* ACTION ITEM:
From the listing that follows, reproduce only the lines from the one holding "Black nylon ribbon" through the one holding "Long Sleeve Criss Cross", both included, with no pictures.

* RECORDED DATA:
--- START ---

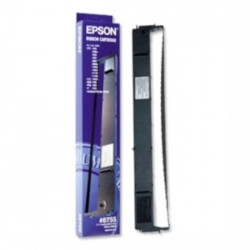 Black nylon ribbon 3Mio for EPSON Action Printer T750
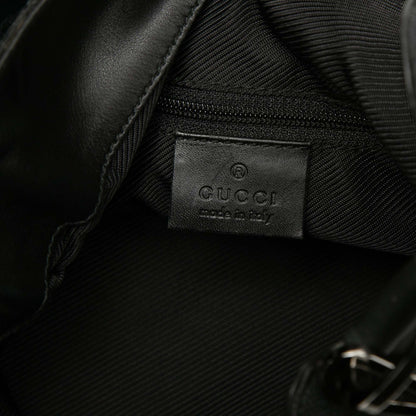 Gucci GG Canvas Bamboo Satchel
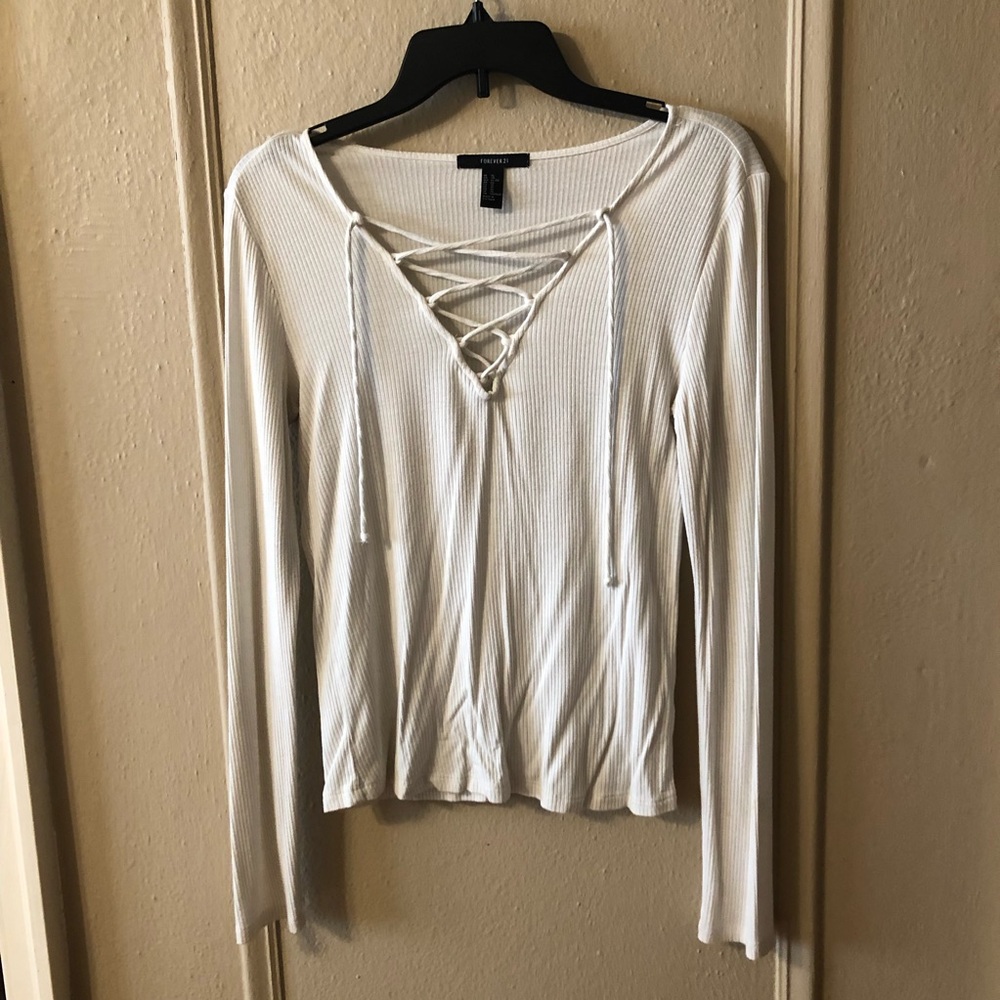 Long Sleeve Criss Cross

--- END ---
--- START ---

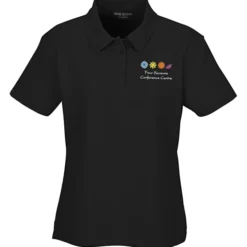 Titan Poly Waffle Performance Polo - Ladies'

--- END ---
--- START ---

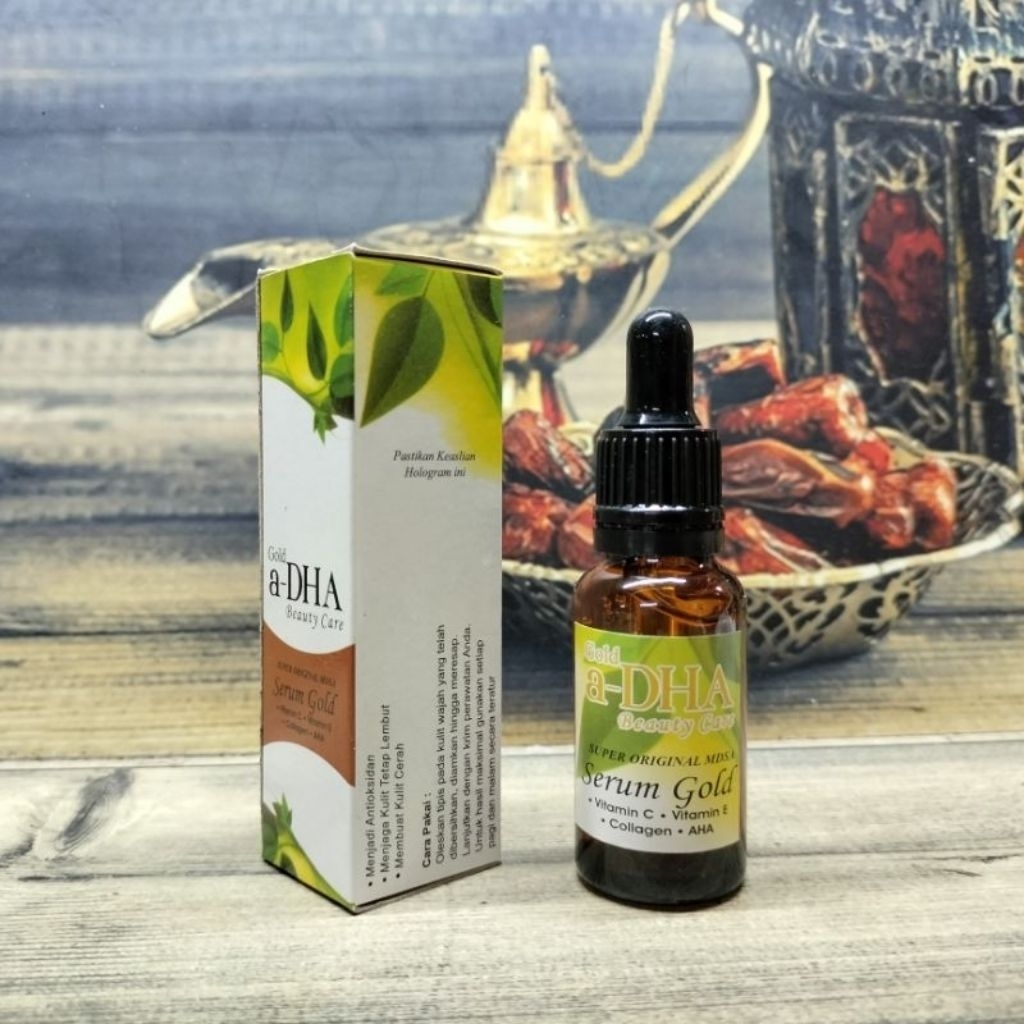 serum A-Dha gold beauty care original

--- END ---

* RESPONSE TO THE EXERCISE:
 Black nylon ribbon 3Mio for EPSON Action Printer T750
 Gucci GG Canvas Bamboo Satchel
 Long Sleeve Criss Cross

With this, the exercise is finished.